Yolculuğumuz devam ediyor!
Aslında hayatımızı canlı kılan ve sabit olmadığımızı gösteren bir hayat akışına doğal olarak sahibiz. Başka bir ifadeyle, planlamadıklarımız ve başımıza gelenler ile yaptığımız seçimlerimiz doğrultusunda düz bir yolumuz yok. Olsa belki de sıkıcı olabilirdi. Yolculuğumuz engebeli, yokuş aşağı veya yukarı olabilir; duraklarımız farklılaşabilir. Hatta hedeflediğimiz durağa giderken heyecanımızı yitirebiliriz ve bir başka durak daha çekici gelebilir.

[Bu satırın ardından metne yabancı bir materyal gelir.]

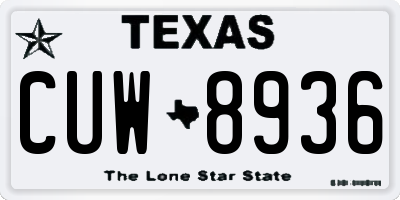 TX license plate CUW8936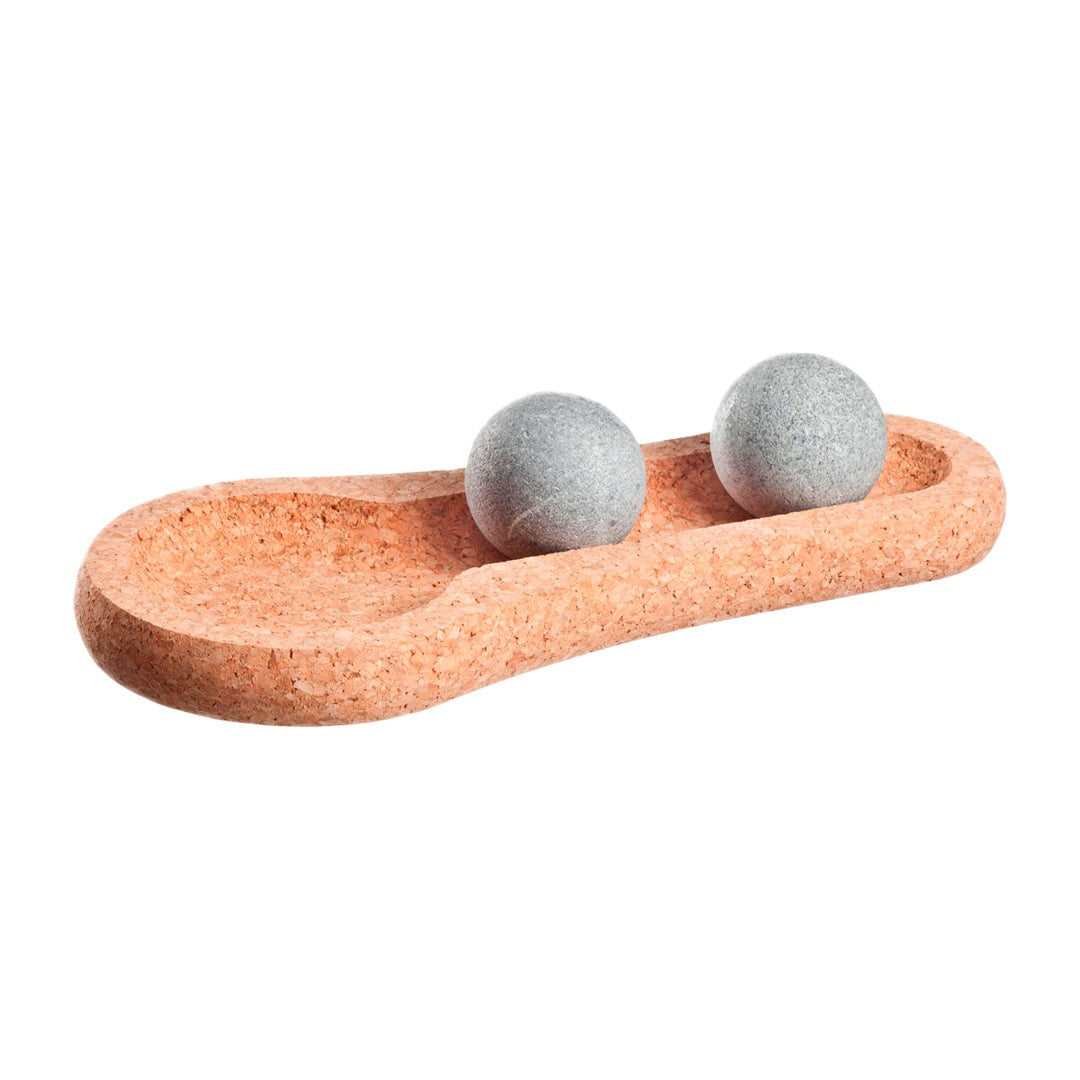 Hukka SoleJoy Sauna Massage Stones w/ Natural Cork Base, Spheres, 2 Pieces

Hepimiz kendi hayatlarımızın kahramanlarıyız. Tam da bu sebeple hayatımıza olduğu haliyle, tüm hissettiklerimizle (olumlu/olumsuz) birlikte sahip çıkmalıyız. Olduğuyla, olmadığıyla, değişen ve dönüşeniyle yolculuğumuz devam ediyor. “Bazı hallerde, devam etmek, yalnızca devam etmek harikulade bir şeydir” diyen Albert Camus haklı olabilir mi?
Yaşadığımız hiçbir şey anlamsız değil ve başımıza gelenlerin bize anlatmaya çalıştığı bir şeyler, belki görmemiz, idrak etmemiz gereken bir detay muhakkak vardır. Bu hayatta boşa giden bir deneyimden bahsedemeyiz!